In tonight’s section, Karen starts by answering some specific questions on her newest book Sound of Silence, continues to talk about her writing and life in general and tackles The Ten Confessions.

It’s only Tuesday but go grab something nice like a pizza and a beer, sit back and relax, but mostly……enjoy!

COAR - Moving on to Sound of Silence, where did the inspiration for this one come from?

KM - Sitting in a restaurant watching a family of four, each engrossed on some electronic device in front of them, none of them talking or making eye contact with one another, is how I came up with the idea. What if speaking became outlawed and a punishable crime? Would we miss it then? Would we risk everything to hear our child’s voice even one more time? And who would make such a law? It would have to be someone hugely popular and well-loved. He would have to prove to the public that it was in their best interest to put the edict of silence into order, for their protection so to speak. It had to be a politician.

COAR - How did you feel moving out of your comfort zone and writing a dystopian story this time?

KM - This has been the biggest challenge and yet most rewarding writing I’ve ever done. Though I usually write about places I’ve been to, it’s tough to write about future events, even though they aren’t so terribly far away. But to create a dystopian society is a tricky feat. It was a love/hate relationship for me with this book. Although it could have been longer, I am a word economist and I made my point with the least amount of words. I do feel a sequel or prequel is brewing however. And hopefully this time it will be easier to slip into the futuristic world.

COAR - You make references to the holocaust in this story. Is this something that you would have an interest in or did it just fit the story?

KM - I had several beta readers, one of which is a German historian and the other a Holocaust historian, that each had the same idea. They saw the parallel right away of the futuristic society and the Nazi regime of the 1940’s. The idea came to me then, that, what if Ray found out he was of Jewish descent? What if his beloved grandmother told him of the atrocities of the 1940’s and compared it to what was happening around them now? If she made him promise to be an element of change, something their past relatives could not do at Auschwitz, then it would up the stakes for Ray and give him so much more to fight for.

COAR - This had a real eerie feel to it. Almost like an old black and white movie or something you would see Bruce Willis cast in. Was this intentional or just how it came?

KM - It’s exciting because those in my writer’s group who had a chance to hear a little of how the story was coming along, all said it had the feel of a movie to it. I could really see this playing out before me as I wrote and I’d love the chance for it to be made into film. And if Bruce Willis wanted to star in it, I’d have no qualms!

COAR - Is this a writing style you can see yourself doing again or is this a one off?

KM - As I mentioned above, a few people already are bugging me for more of this story. When the Holocaust historian told me he saw the prequel in his head, and how it would be great to know how the Sound of Silence edict really came about, I decided that after a sequel to my Love Woven in Time, the prequel to this story would be next. (Did I really just say that?) (Yes you did!)

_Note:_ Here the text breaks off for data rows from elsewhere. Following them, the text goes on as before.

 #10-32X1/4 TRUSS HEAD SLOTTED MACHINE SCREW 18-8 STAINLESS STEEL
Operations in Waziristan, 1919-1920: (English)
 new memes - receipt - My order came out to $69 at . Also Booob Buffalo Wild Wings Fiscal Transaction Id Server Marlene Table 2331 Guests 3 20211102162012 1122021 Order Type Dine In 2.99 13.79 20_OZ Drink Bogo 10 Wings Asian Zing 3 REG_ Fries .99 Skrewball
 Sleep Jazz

COAR - What’s the most difficult part of writing for you?

KM - It would have to be making up places that I’ve never been to. It’s easy for me to see in my mind’s eye, a place I’ve been to or visit frequently. In writing my cat fantasy story, Piggy, even though talking animals aren’t real, the story was fun and easy because it was my son’s cat I was writing about and my son’s house. I could “see” it play before me. With a futuristic tale, it is much more difficult. I would almost love to storyboard my writing with drawings so I have something in front of me to work with.

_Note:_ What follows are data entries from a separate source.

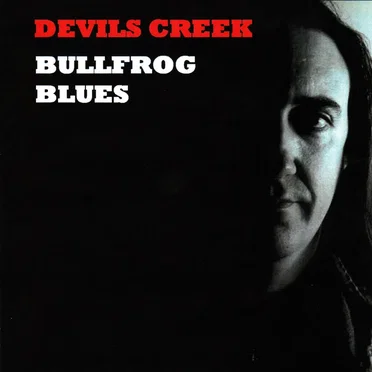 Bullfrog Blues by Devils Creek - album cover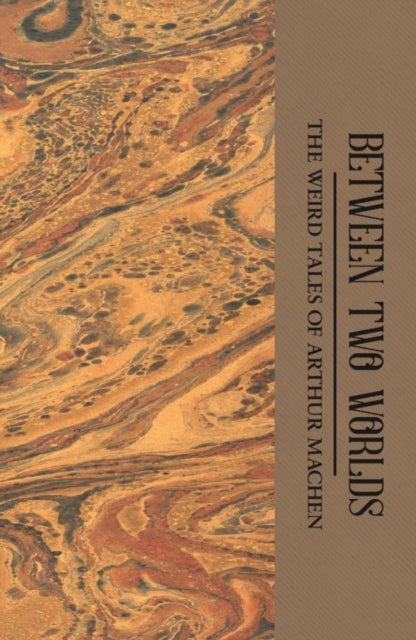 Between Two Worlds : The Weird Tales of Arthur Machen - Arthur Machen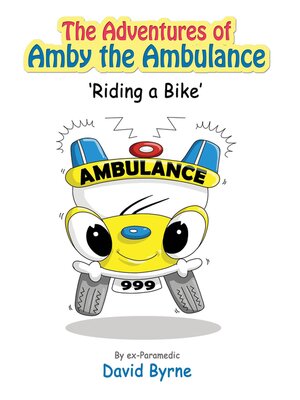 cover image of The Adventures of Amby the Ambulance 'Riding a Bike'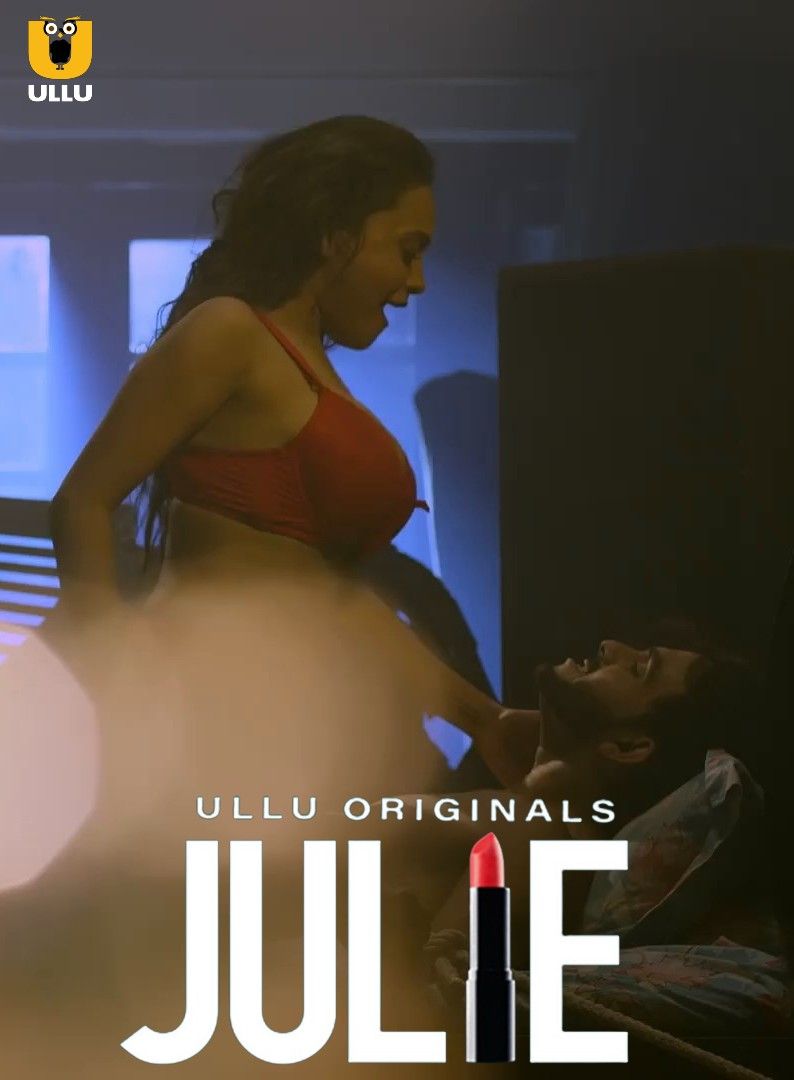 Julie (2019) S01 Hindi Ullu Web Series HDRip download full movie
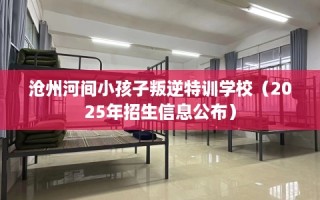 沧州河间小孩子叛逆特训学校（2025年招生信息公布）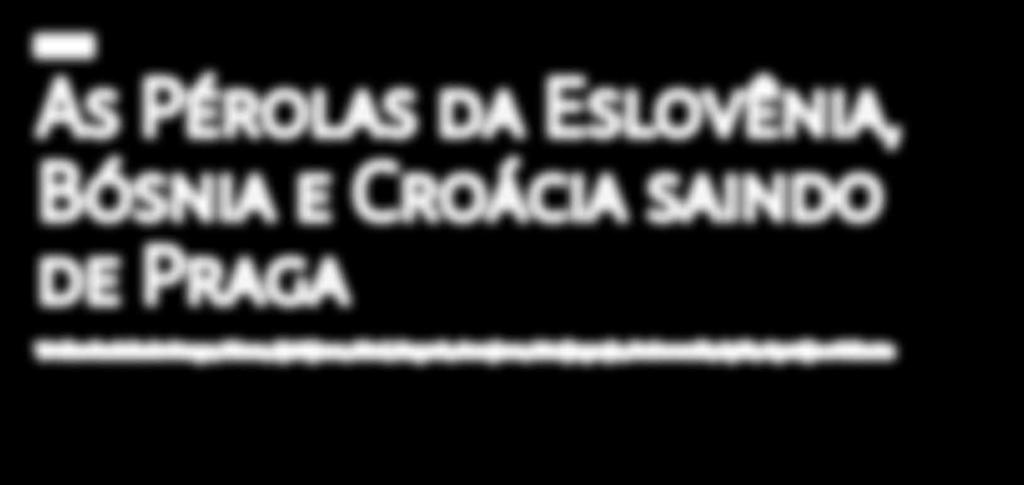 ONU, e visita à Catedral de San Stephan. Tarde livre. (D) Dia 5, Terça-feira, a Ljubljana Após o café da manhã, viajaremos a Ljubljana, a capital da Eslovênia. Chegada e alojamento.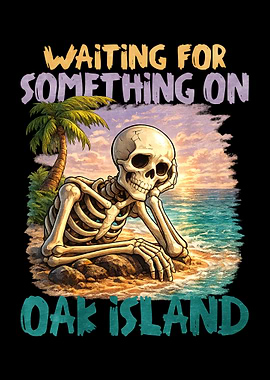 Skeleton waiting on Oak Island
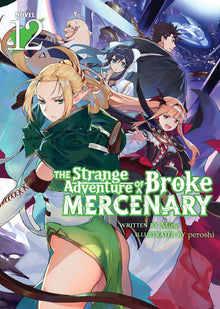 The Strange Adventure of a Broke Mercenary (Light Novel) Vol.12
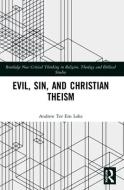 Evil, Sin, And Christian Theism di Andrew Ter Ern Loke edito da Taylor & Francis Ltd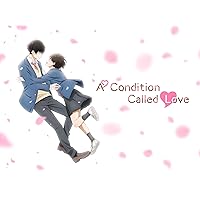 A Condition Called Love (Original Japanese Version), Season 1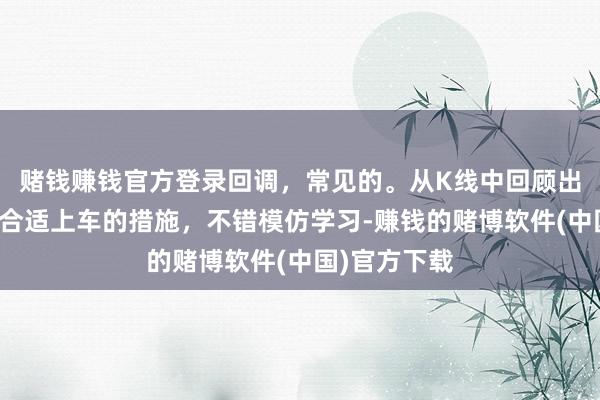 赌钱赚钱官方登录回调，常见的。从K线中回顾出的九种回调合适上车的措施，不错模仿学习-赚钱的赌博软件(中国)官方下载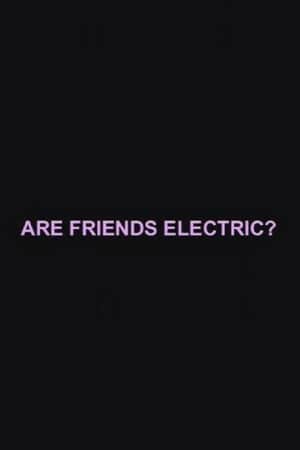 Are Friends Electric?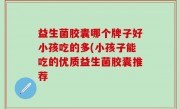 益生菌胶囊哪个牌子好小孩吃的多(小孩子能吃的优质益生菌胶囊推荐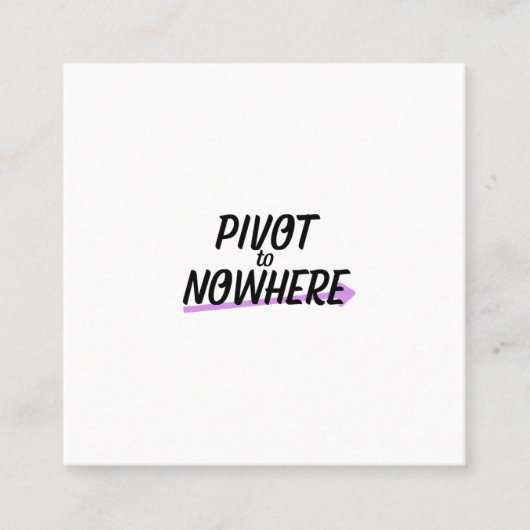 Le Professionnel | Cartes de visite Pivot to Nowhe (Devant)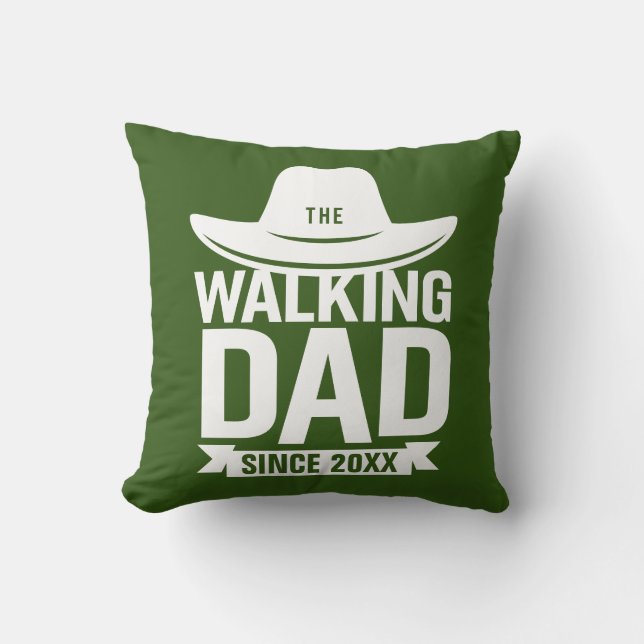 Father's Day - The Walking Dad Since… Cushion (Front)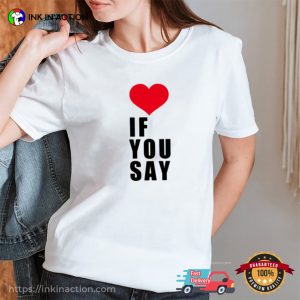 If You Say Enhypen Romance Untold Heart Love Quote Shirt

COAR - What would your ultimate wish be with your writing?

KM - To be a well-loved or best-loved author. To have people know me when they see me and say, “Hey, wow, that book of yours really meant something to me. I was touched by that story.” Or, “Wow, how do you think that stuff up? It was awesome.”

COAR - What do you like to do when you’re not writing?

KM - Spend time with my family. I have little nieces that I absolutely adore, and I find they bring out the child in me and I’m playful and creative when I’m with them. I also love going on long weekend trips with my husband. We have a quaint town that we frequent several times a year to get away from it all. It’s that very town that features in my story, Love Woven in Time: A Ligonier Golden Romance.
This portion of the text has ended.